Mr Ross was born at home in Leith Walk on Friday, June 13, 1919. The family soon moved to Restalrig, where he was brought up in the house behind the family business with his elder brother, Donald, while their parents, Colin and Annie Ross, and aunt Elizabeth Glen ran the post office.

Educated at George Heriot’s School, he enjoyed a fit and happy childhood, a highlight of which was a flight around Turnhouse airport in an early biplane in the mid 1920s.

He spent a few years after school working in the civil service, based in Glasgow, but with the outbreak of the Second World War he joined the Royal Signals and was soon posted to Singapore. The island fell to the Japanese within months of his arrival and he had the unhappy task of sending the signal of surrender.

The privations of three-and-a-half years as a Japanese prisoner of war left an indelible mark. Unknown to his captors, he managed to keep a secret diary, written with a stub of pencil on sheets of rice paper detailing what he endured. It ultimately returned home with him and has recently been privately published.

His horrendous experience enabled him to put into context the inevitable peaks and troughs, trials and tribulations alongside the high points which marked his life in the years that followed.

After his release, he spent time in America where his strength was regained, then returned to Edinburgh and married his sweetheart, Mary Green, in 1947. Peter then joined the family business, becoming the second generation to run it.

A long, happy marriage ensued, bringing the birth of three children, Glenn, John and Anne. John later became the third generation to run the business.

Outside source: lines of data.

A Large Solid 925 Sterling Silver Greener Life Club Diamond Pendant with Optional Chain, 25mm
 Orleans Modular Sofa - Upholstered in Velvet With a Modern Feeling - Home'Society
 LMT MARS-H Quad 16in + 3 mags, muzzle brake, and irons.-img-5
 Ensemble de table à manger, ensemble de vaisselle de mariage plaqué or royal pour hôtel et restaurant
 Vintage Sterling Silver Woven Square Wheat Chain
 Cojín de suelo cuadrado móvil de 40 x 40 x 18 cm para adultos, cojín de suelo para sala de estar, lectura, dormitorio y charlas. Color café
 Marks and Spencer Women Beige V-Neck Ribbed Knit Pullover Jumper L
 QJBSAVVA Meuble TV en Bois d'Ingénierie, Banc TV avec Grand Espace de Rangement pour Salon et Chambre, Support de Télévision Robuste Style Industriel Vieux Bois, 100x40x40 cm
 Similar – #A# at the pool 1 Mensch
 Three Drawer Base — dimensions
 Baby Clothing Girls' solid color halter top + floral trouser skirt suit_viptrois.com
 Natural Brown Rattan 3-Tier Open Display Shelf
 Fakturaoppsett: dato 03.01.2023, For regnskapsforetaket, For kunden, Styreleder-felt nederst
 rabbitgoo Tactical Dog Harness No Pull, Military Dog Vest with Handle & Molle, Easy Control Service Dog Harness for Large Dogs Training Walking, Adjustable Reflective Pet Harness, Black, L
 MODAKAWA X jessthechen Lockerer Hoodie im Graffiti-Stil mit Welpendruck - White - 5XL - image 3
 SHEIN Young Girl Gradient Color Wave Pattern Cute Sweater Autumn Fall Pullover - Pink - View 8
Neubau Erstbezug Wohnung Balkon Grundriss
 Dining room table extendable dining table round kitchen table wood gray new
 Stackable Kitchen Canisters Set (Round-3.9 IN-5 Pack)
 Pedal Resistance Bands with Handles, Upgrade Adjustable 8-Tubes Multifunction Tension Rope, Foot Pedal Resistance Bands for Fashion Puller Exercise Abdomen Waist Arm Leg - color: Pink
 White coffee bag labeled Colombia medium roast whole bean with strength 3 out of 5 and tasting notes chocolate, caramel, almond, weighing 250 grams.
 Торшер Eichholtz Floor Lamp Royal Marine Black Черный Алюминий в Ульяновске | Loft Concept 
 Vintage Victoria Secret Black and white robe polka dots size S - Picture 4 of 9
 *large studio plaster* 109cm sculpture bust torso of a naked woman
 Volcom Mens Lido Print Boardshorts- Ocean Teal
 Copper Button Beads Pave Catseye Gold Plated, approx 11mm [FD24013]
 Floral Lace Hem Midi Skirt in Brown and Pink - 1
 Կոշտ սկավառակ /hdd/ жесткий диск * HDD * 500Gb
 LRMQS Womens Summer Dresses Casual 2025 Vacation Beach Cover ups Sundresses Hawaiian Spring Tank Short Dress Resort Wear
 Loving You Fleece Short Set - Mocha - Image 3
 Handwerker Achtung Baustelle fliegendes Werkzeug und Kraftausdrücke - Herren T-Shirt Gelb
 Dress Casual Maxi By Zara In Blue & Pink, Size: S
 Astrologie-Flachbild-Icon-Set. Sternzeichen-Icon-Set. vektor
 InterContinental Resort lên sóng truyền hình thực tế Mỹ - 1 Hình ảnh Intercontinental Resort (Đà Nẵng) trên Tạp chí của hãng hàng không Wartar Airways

While the family was still young they took on a second project – setting up and running the well respected and successful Marvin Guest House in Pilrig, which continued to also be their home until their later years.

In 2000, after being widowed, Peter downsized and in his 80s moved to a flat near Inverleith.

He continued to enjoy a full and busy life, pursuing numerous interests and getting good use of his bus pass, frequently being found in the local auction houses viewing sales, and enthusiastically enjoying exhibitions in the city’s art galleries.

A good deal of time was also spent keeping in contact with the many relatives spread around the world, mainly in the United States, and he was a constant source of family news.

After a fall in late 2013 his health slowly declined but he continued to display a lively interest in all aspects of daily life and was still a voracious reader until the end.